# Your task
From the line that has "Fiore del geranio Foto Stock" down to the last line of the data below, set down every line exactly, but none of the pictures.

# Source records
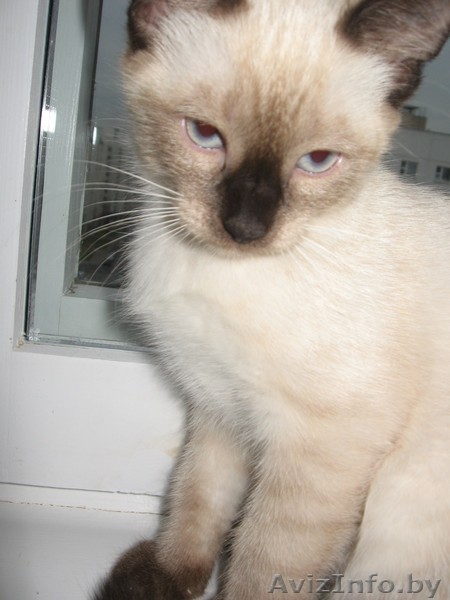 сиамская (тайская)кошечка - Изображение #1, Объявление #298208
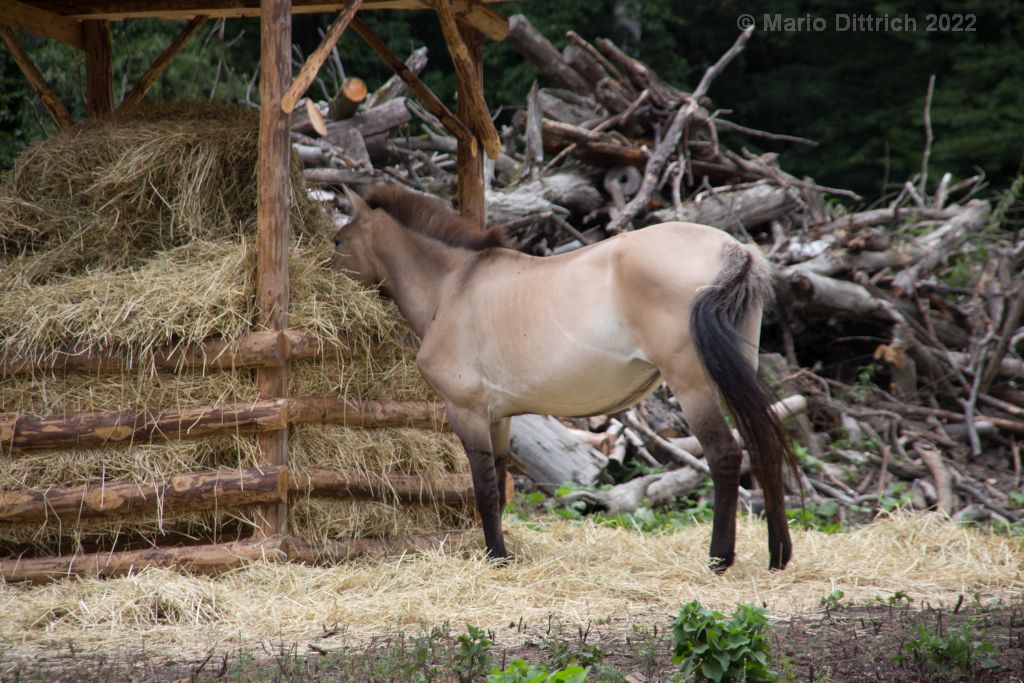 Wildpark Moritzburg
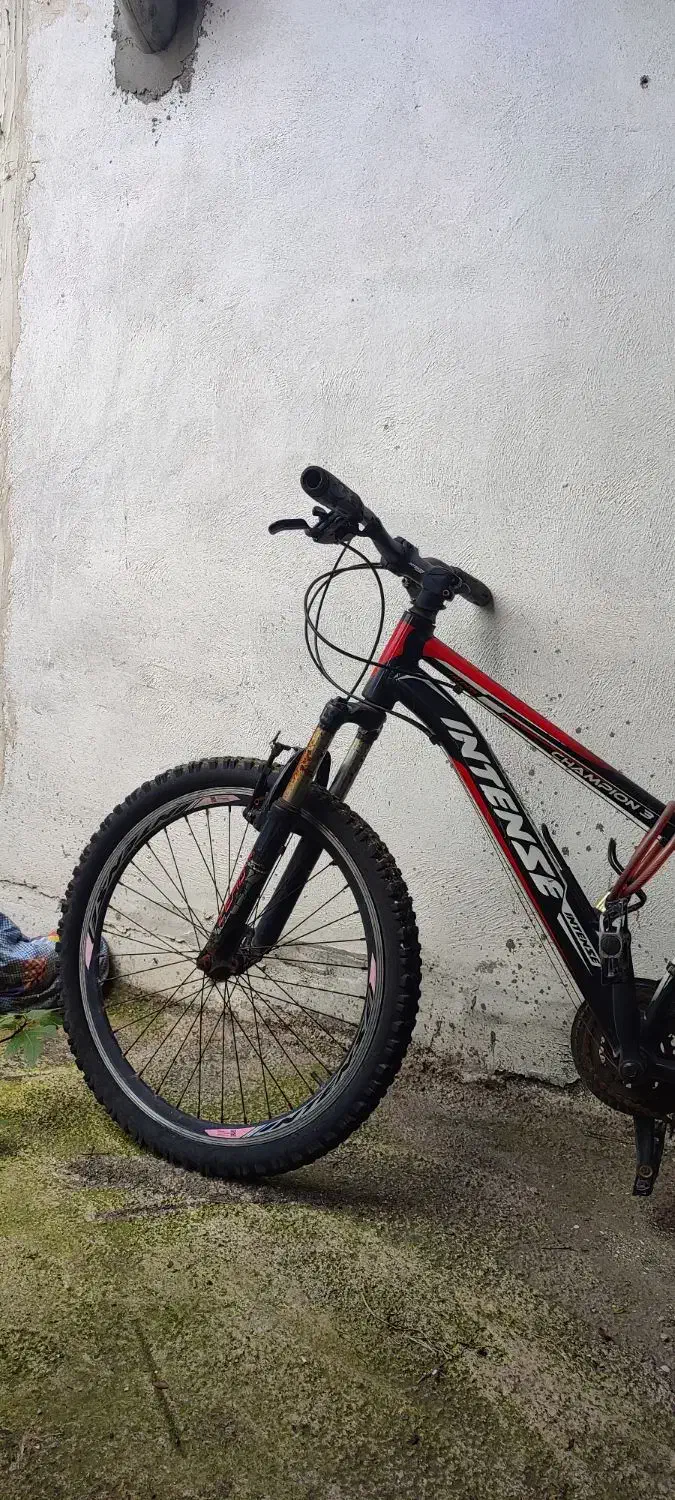 دوچرخه 24|دوچرخه، اسکیت، اسکوتر|بندر انزلی, ژاندارمری|دیوار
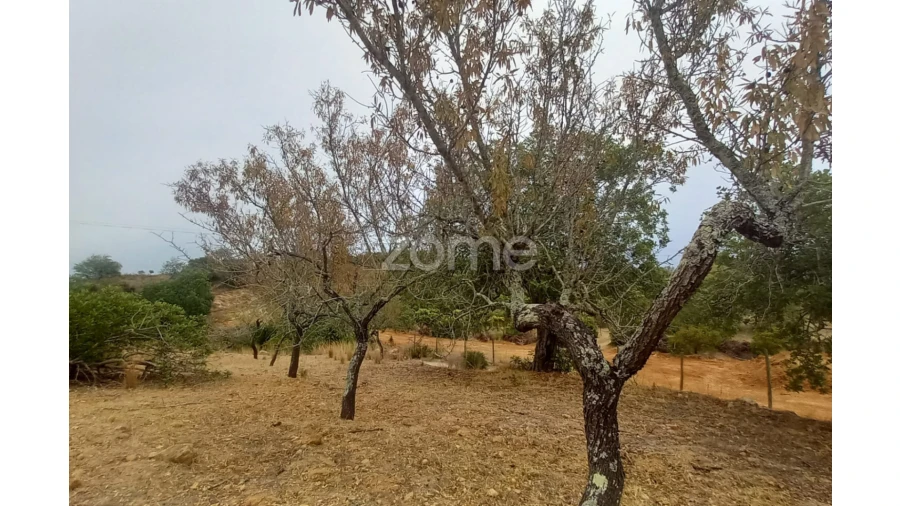 Quinta T5 para Venda em Conceição e Estoi Foto 67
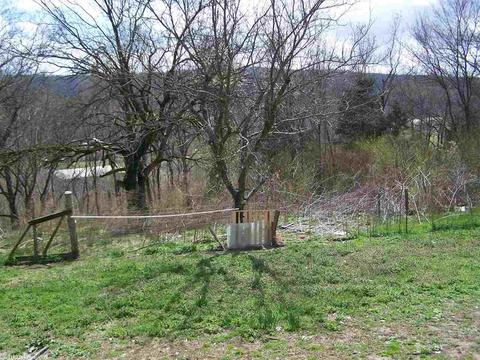 109 Grove St, Marshall, AR 72650 photo 5
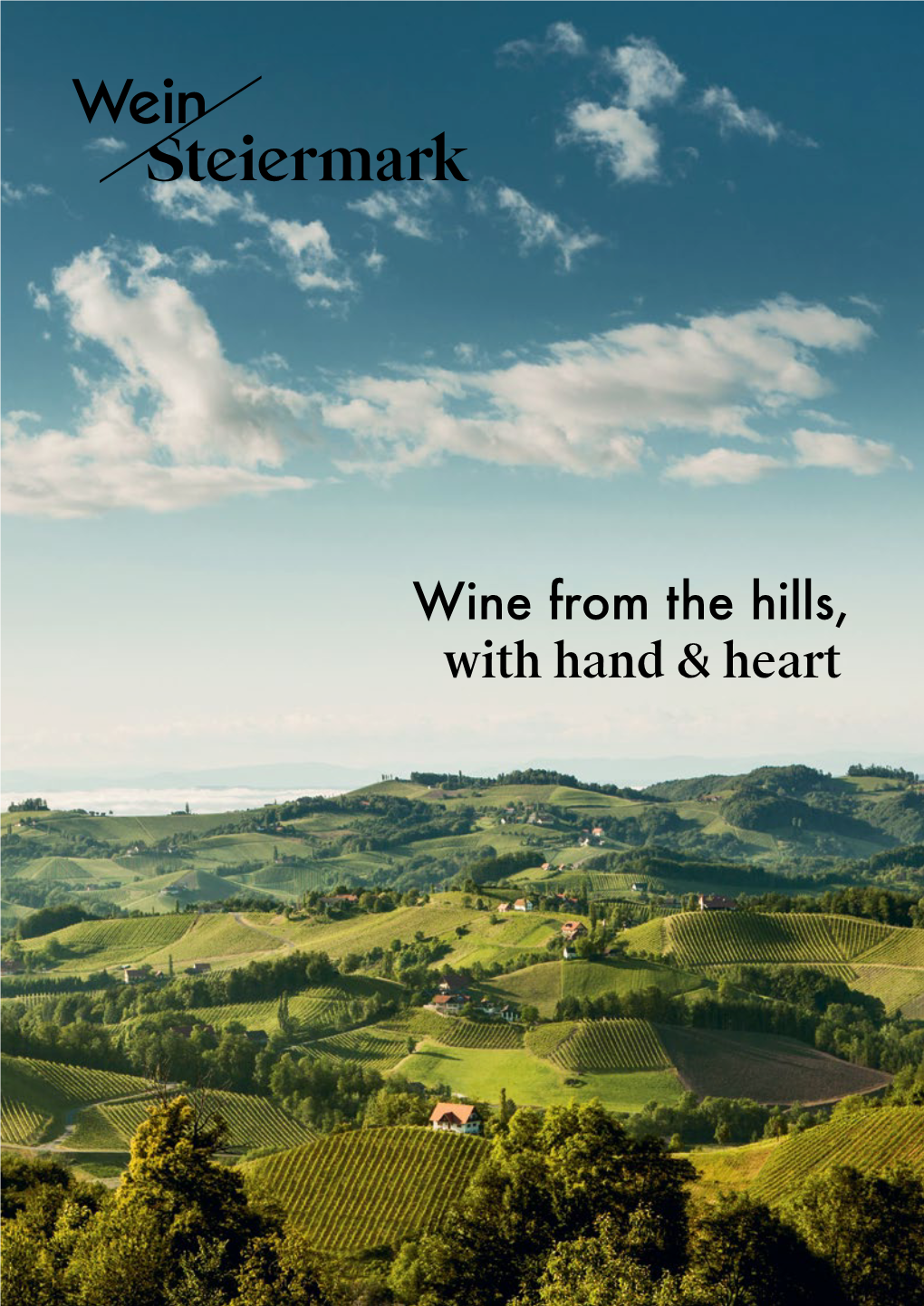 Wine from the Hills, with Hand & Heart © Flora P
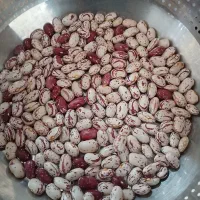 فروش لوبیا چیتی  مناسب خوراک وبذر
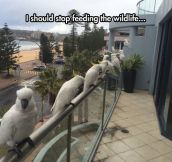 Cockatoos Are Ready For Their Treats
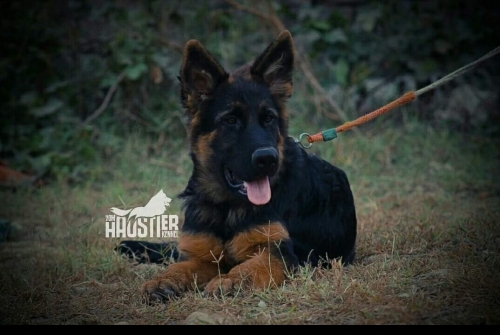 Bad Boy vom Haustier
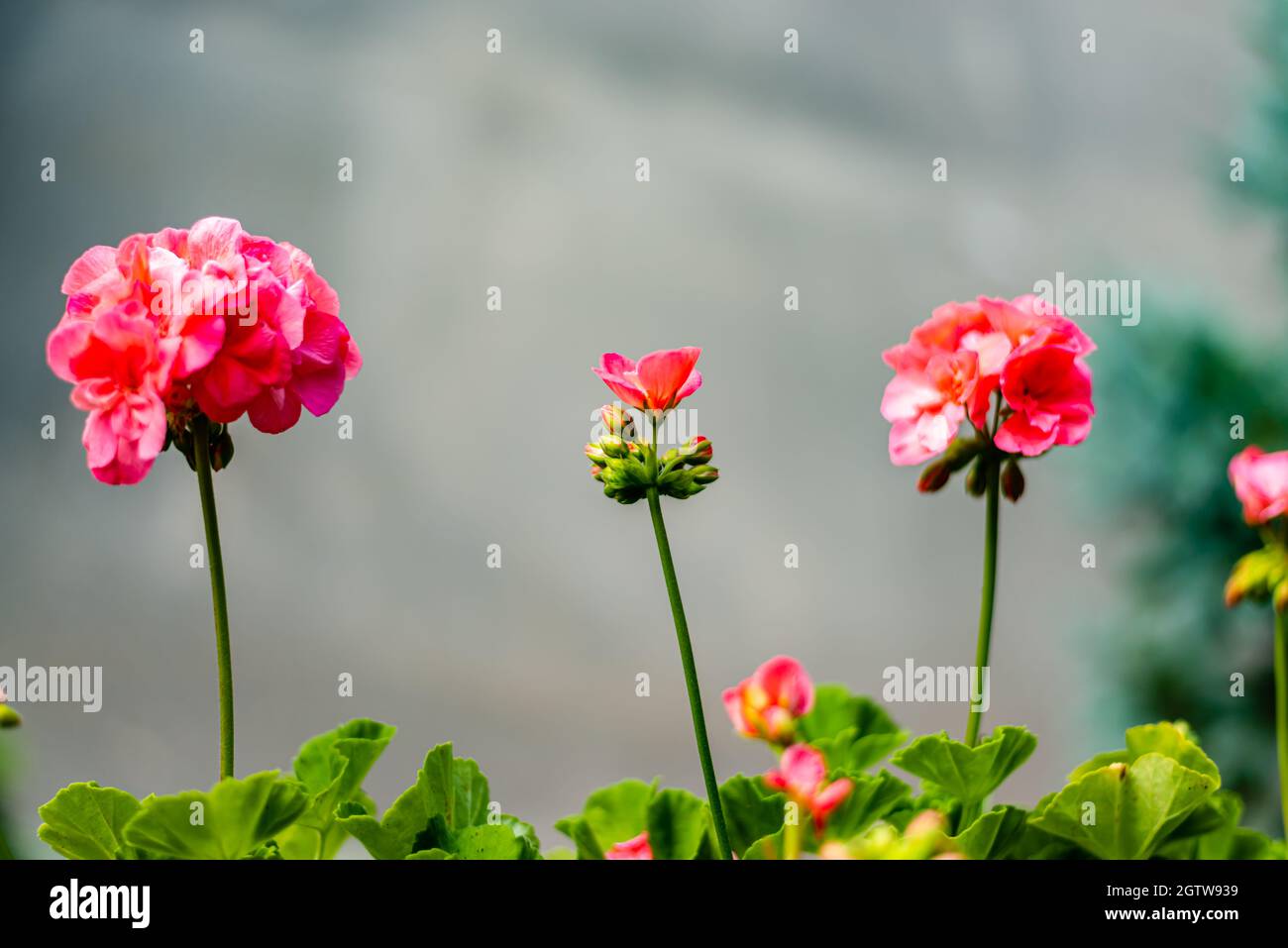 Fiore del geranio Foto Stock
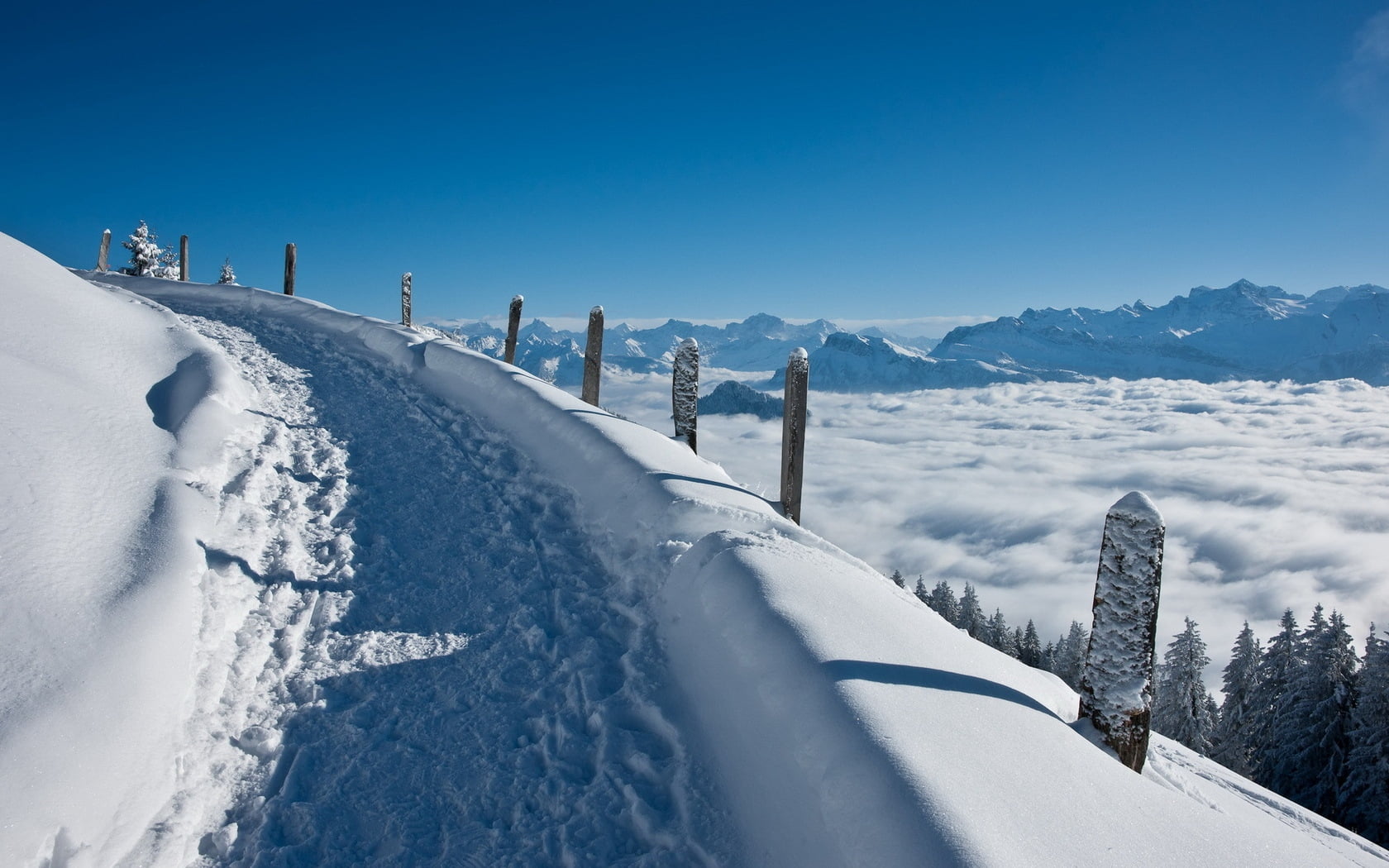 road, ski Slope, mountain Peak, tree, day, lifting, cold - Temperature, sunlight, no People, mountain, cold temperature, landscape, pine, sport, snow, skiing, HD Wallpaper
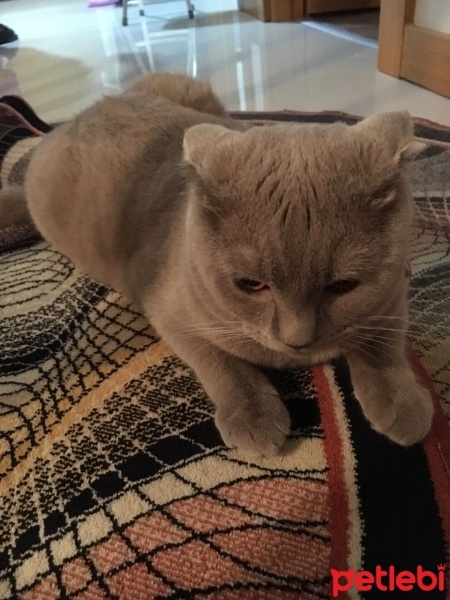 Scottish Fold, Kedi  RENK fotoğrafı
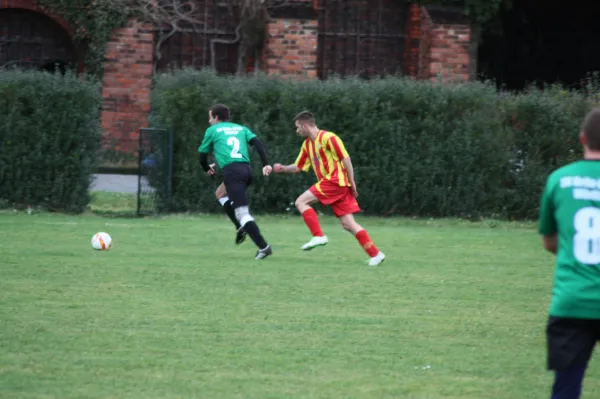 29.11.2015 SV Grün-Weiß Wörlitz vs. ASG Vorwärts Dessau II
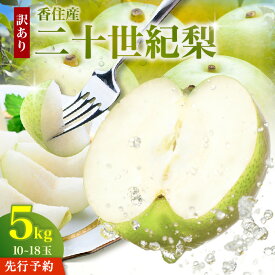 【ふるさと納税】《2027年産 先行予約》 二十世紀梨 訳あり 5kg （L～5Lサイズ混合 10～18玉）【令和9年8月下旬以降発送予定】＼ 生産者応援商品 ／ TVで紹介 香住産 20世紀 梨 不揃い 傷あり ご自宅用 ご家庭用 フルーツ くだもの なし ナシ 青梨 和梨 国産 12-23 送料無料
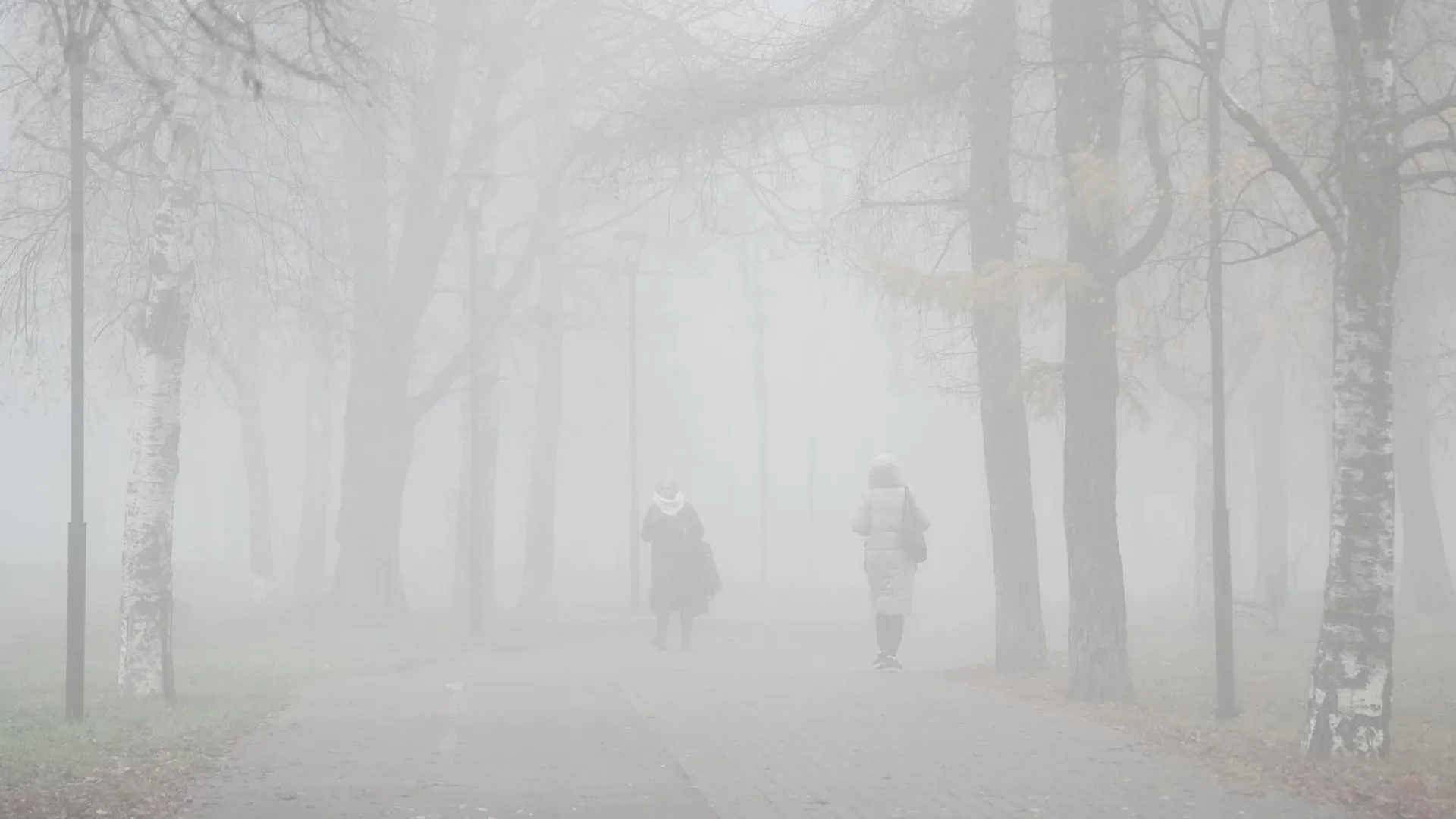 Сайлент Хилл в Москве: как пользователи сети отреагировали на туман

# Completed exercise
 Fiore del geranio Foto Stock
 road, ski Slope, mountain Peak, tree, day, lifting, cold - Temperature, sunlight, no People, mountain, cold temperature, landscape, pine, sport, snow, skiing, HD Wallpaper
 Scottish Fold, Kedi  RENK fotoğrafı
 29.11.2015 SV Grün-Weiß Wörlitz vs. ASG Vorwärts Dessau II
 【ふるさと納税】《2027年産 先行予約》 二十世紀梨 訳あり 5kg （L～5Lサイズ混合 10～18玉）【令和9年8月下旬以降発送予定】＼ 生産者応援商品 ／ TVで紹介 香住産 20世紀 梨 不揃い 傷あり ご自宅用 ご家庭用 フルーツ くだもの なし ナシ 青梨 和梨 国産 12-23 送料無料
 Сайлент Хилл в Москве: как пользователи сети отреагировали на туман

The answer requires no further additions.